- WHAT TO PRODUCE
An exact transcription is needed of the lines below from the one with "Casa Nueva en" through the one with "KAYA16 : Panduan", with no other lines and no pictures.

- SOURCE INFORMATION
'''
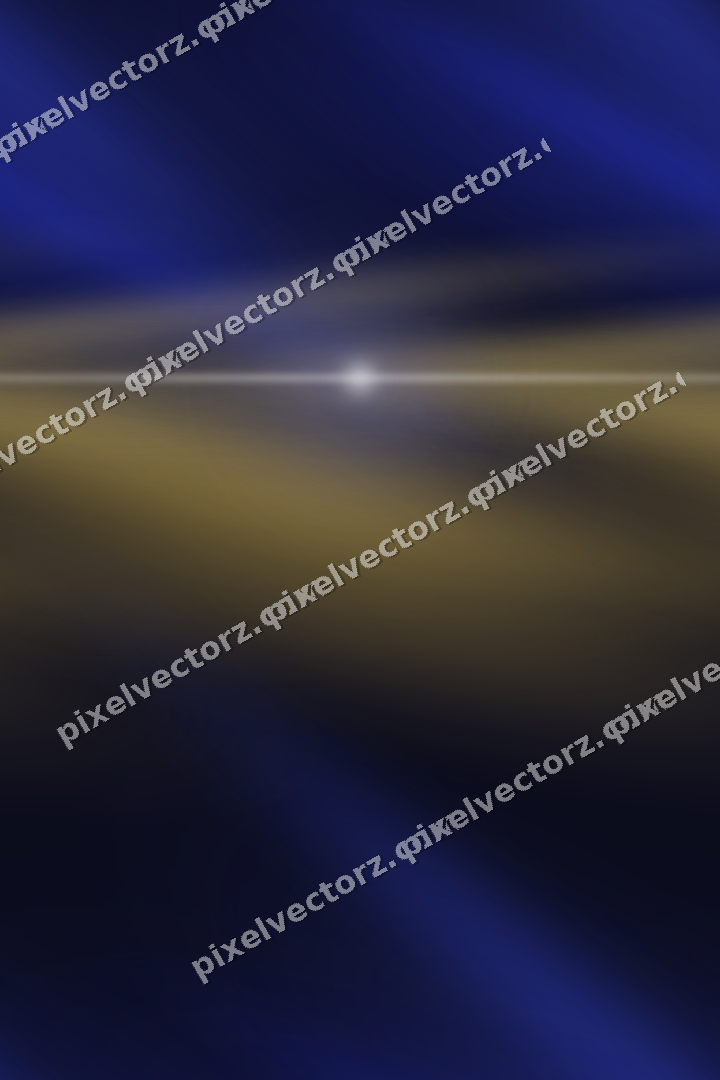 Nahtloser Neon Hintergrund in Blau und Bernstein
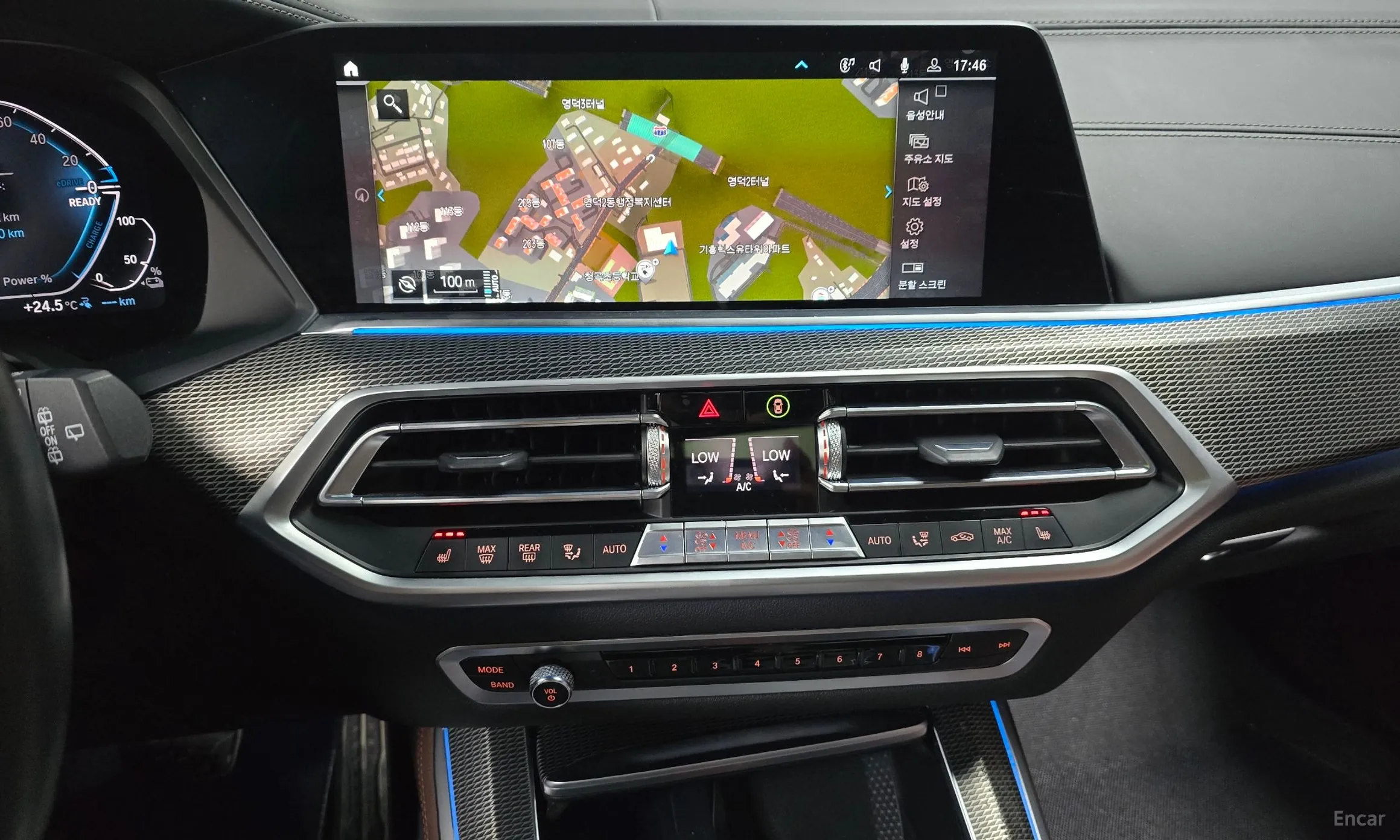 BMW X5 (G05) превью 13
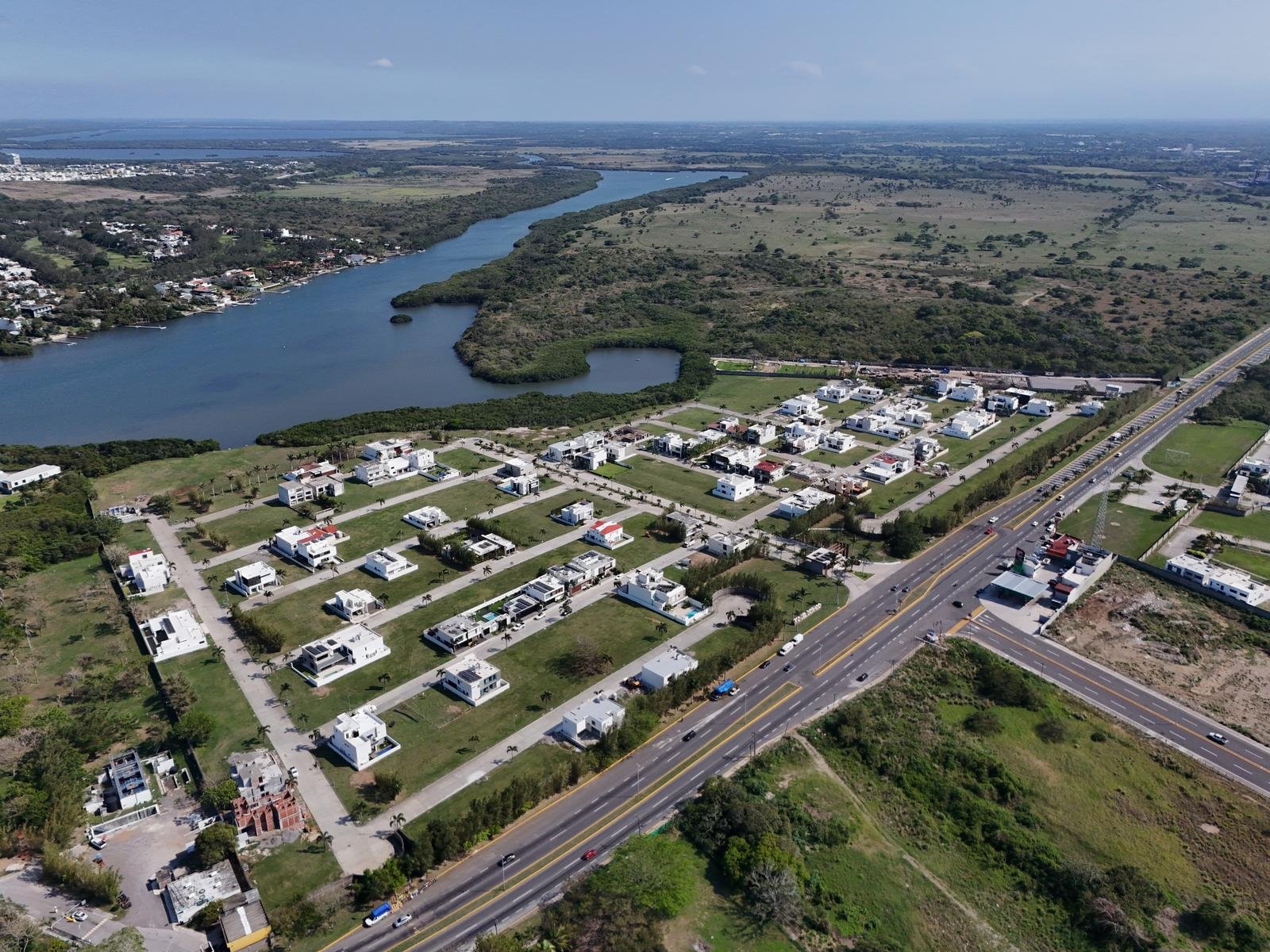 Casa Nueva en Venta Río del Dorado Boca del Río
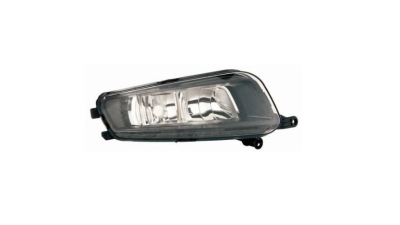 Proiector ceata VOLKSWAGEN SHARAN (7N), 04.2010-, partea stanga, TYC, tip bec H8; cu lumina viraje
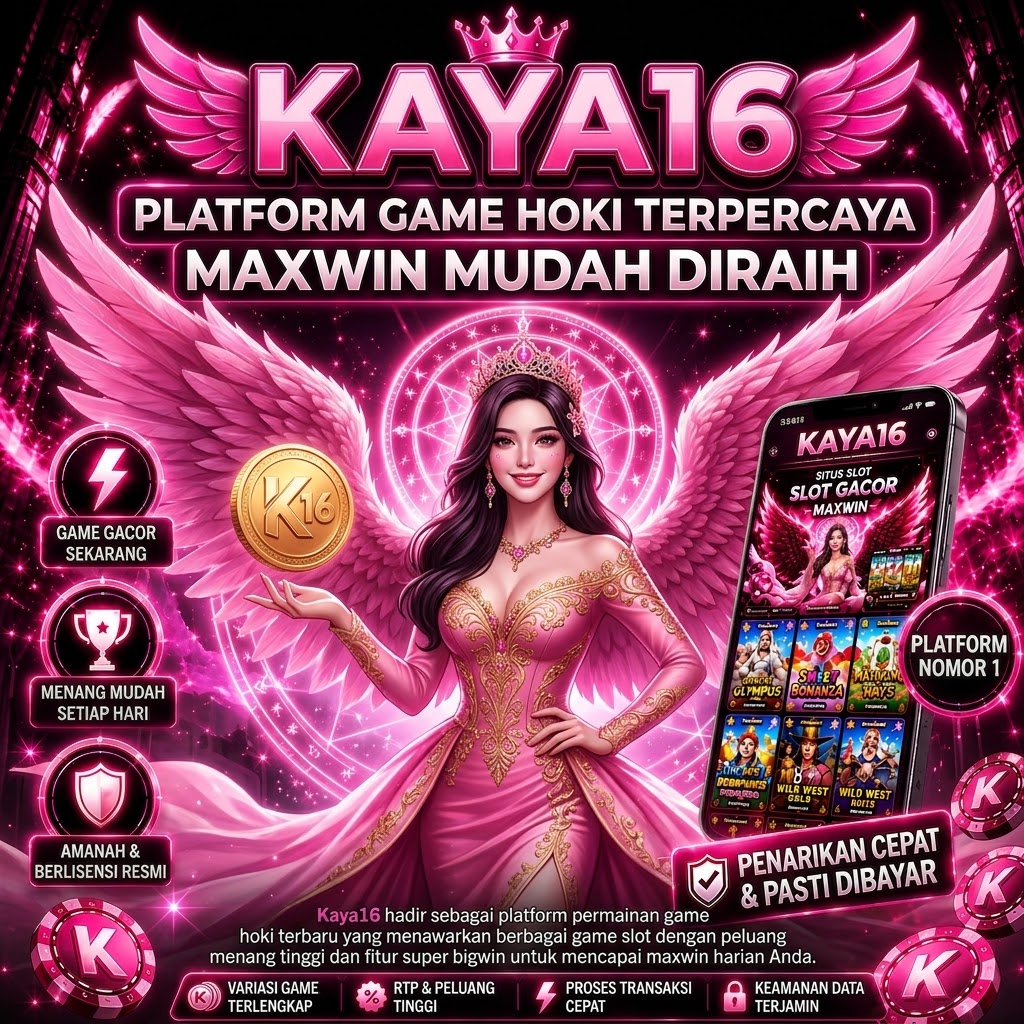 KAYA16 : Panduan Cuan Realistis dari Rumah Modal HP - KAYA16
'''
'''
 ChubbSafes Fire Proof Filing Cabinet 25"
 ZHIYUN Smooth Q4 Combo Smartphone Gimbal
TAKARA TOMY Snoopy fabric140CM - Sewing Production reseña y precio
'''
'''
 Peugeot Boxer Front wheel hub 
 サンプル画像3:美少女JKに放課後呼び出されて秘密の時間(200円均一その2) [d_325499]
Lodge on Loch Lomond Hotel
'''
- SOLUTION TO THE PROBLEM
 Casa Nueva en Venta Río del Dorado Boca del Río
 Proiector ceata VOLKSWAGEN SHARAN (7N), 04.2010-, partea stanga, TYC, tip bec H8; cu lumina viraje
 KAYA16 : Panduan Cuan Realistis dari Rumah Modal HP - KAYA16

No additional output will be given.